Up To Rs 4 Lakh Crore In Credit May Face Refinancing Risk, Cautions India Ratings

Lower-rated borrowers may find it difficult to refinance outstanding loans if tight financial conditions persist and policymakers do not take steps to keep liquidity flowing through financing channels. That’s the view from India Ratings.

The rating agency, in a report today, cautioned that between Rs 3 lakh crore and Rs 4 lakh crore in credit may face refinancing risk if current challenges to the financing environment persist. These challenges include stressed bank balance sheets and elevated rates in the bond markets.

About Rs 7.6 lakh crore in debt currently lies with non-public sector entities rated BBB or below, according to the report. Within this, about Rs 3-4 lakh crore in debt falls in the ‘vulnerable’ category. “These corporates would remain reliant on banks for refinancing, given that in most of these cases, free cash flows would be inadequate for debt repayments,” India Ratings said. It added that tight market conditions mean that there is increasing risk aversion towards lower-rated borrowers.

The rising risk aversion in the market indicates that sourcing credit for issuers who are rated below ‘A’ category is increasingly becoming difficult.
India Ratings 

Sectors that can face elevated refinancing risk include power, telecom, infrastructure and metals and mining, the rating agency said.

India Ratings also said the refinancing risk was skewed towards smaller businesses, which are not in a position to withstand financing pressures. Rising input costs, limited ability to pass on cost inflation, the goods and services tax-led elevated working capital needs and an adverse external environment have increased the need of financing.
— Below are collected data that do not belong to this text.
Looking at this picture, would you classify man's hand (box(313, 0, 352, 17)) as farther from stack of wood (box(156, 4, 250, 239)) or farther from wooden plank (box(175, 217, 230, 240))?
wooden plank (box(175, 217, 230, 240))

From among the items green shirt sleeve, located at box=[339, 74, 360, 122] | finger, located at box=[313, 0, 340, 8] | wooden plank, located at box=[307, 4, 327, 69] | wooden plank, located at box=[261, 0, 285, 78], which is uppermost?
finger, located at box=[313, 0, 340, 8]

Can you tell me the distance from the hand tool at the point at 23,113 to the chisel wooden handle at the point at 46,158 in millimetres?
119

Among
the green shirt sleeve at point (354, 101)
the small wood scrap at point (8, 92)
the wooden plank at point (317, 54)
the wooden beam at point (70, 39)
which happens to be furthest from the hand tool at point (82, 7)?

Ind-Ra expects the liquidity profile of corporates to remain skewed; while entities with strong financial profiles are likely to be well equipped (in terms of generating cash flows as well as ease of access), weak entities could be stressed.

Among the key reasons for the prevailing financial conditions is the health of public sector banks, which is constraining credit flow even though systemic liquidity conditions are comfortable.

India Ratings said the weak financial position of public sector banks would limit their ability to grow their balance sheets over the near to medium term. Credit costs for public sector banks in the last financial year were around 4.5 percent of average advances, it said.

While non-bank financial companies will be able to partly fill the gap left by public sector banks, challenges could emerge there as well. This is because 50-60 percent of NBFC funding comes from banks in the case of AA-rated NBFCs. Also, some banks could soon hit the sectoral limits for exposure to NBFCs.

The extent to which NBFCs will capitalise on these opportunities and fill the credit gap will also be subject to scheduled commercial banks’ appetite for the overall credit and for the NBFC sector.
India Ratings 

The rating agency said ‘easy and durable system liquidity’ had become a necessity to tide over the tight short-term financial conditions. It said recapitalisation and early infusion of liquidity could address credit tightening to a certain extent.